Viaggio nella disperazione del Casertano. I rom bulgari (regolari) pagati 2 euro all’ora, i minori appena 1. L’impegno della Chiesa: servizio mensa con la Caritas
Sono le 4.45, ed è ancora buio a Mondragone. Eppure in via Razzino, sotto quattro palazzoni rossicci c’è già un gran movimento. Centinaia di persone, soprattutto donne, alcune molto giovani, sono sedute a gruppetti sul bordo del marciapiede. Hanno zainetti e borsoni. Ogni tanto si ferma un pullmino o un furgone. Salgono e via. Uno, due, dieci, venti e più volte. È il mercato delle braccia. Braccia bulgare. Braccia rom. Vittime di caporali bulgari e italiani. Sfruttati da imprenditori italiani. Un caso unico in Italia (solo a Borgo Mezzanone nel Foggiano, ce n’è uno analogo ma molto minore).
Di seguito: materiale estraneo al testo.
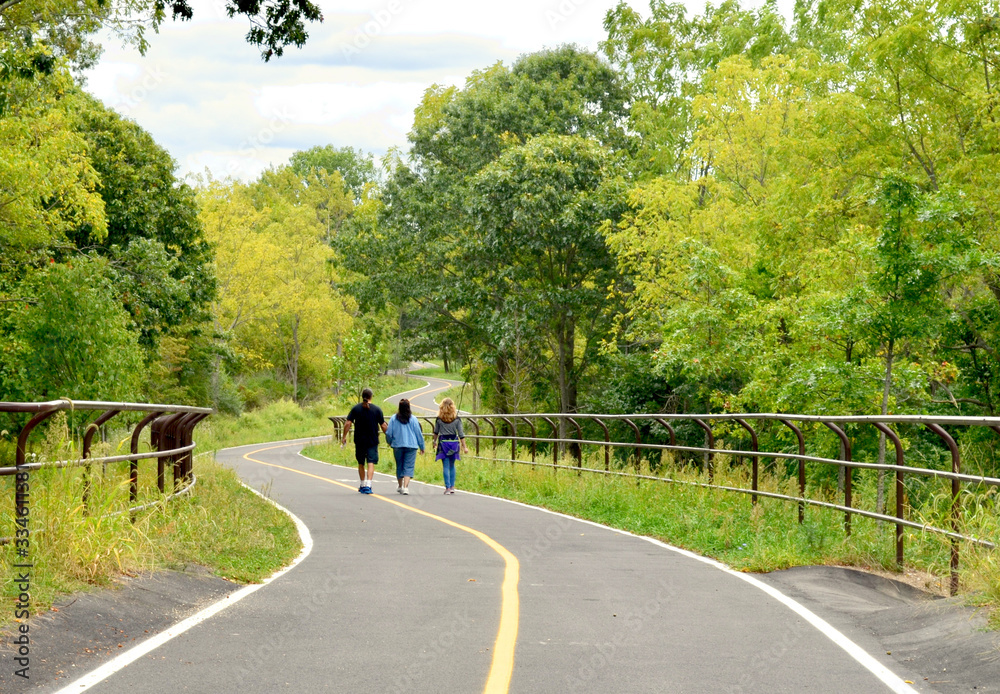 Three walkers enjoying the beautiful Greenway Trail that runs from East Setauket to Port Jefferson Station on Long Island, NY.  Copy space.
Più di 2mila persone che da quattro anni lasciano la Bulgaria, in particolare la regione di Sliven, per raggiungere la cittadina sul litorale domitio casertano. Duemila persone su 30mila abitanti, una presenza che non passa inosservata. In gran parte per 4-5 mesi, altri fino a 8-9, qualche centinaio stanziali. Arrivano famiglie intere, bambini compresi, quasi tutti vivono dei ‘palazzi Cirio’, quattro edifici di dieci piani, fine anni ’70. Fortemente degradati, fuori (i balconi perdono pezzi) e dentro. Proprietari italiani che si fanno pagare, ovviamente in nero, almeno 100 euro a persona al mese.
Tutto fuori legge. Così in un appartamento arrivano a vivere anche 10-15 persone, magari in subaffitto tollerato, come ci racconta il vicario generale della Diocesi di Sessa Aurunca, don Franco Alfieri, per quaranta anni parroco di questa zona. Palazzi che dovevano essere abbattuti o almeno sequestrati e che invece sono diventati un’isola bulgara in terra campana.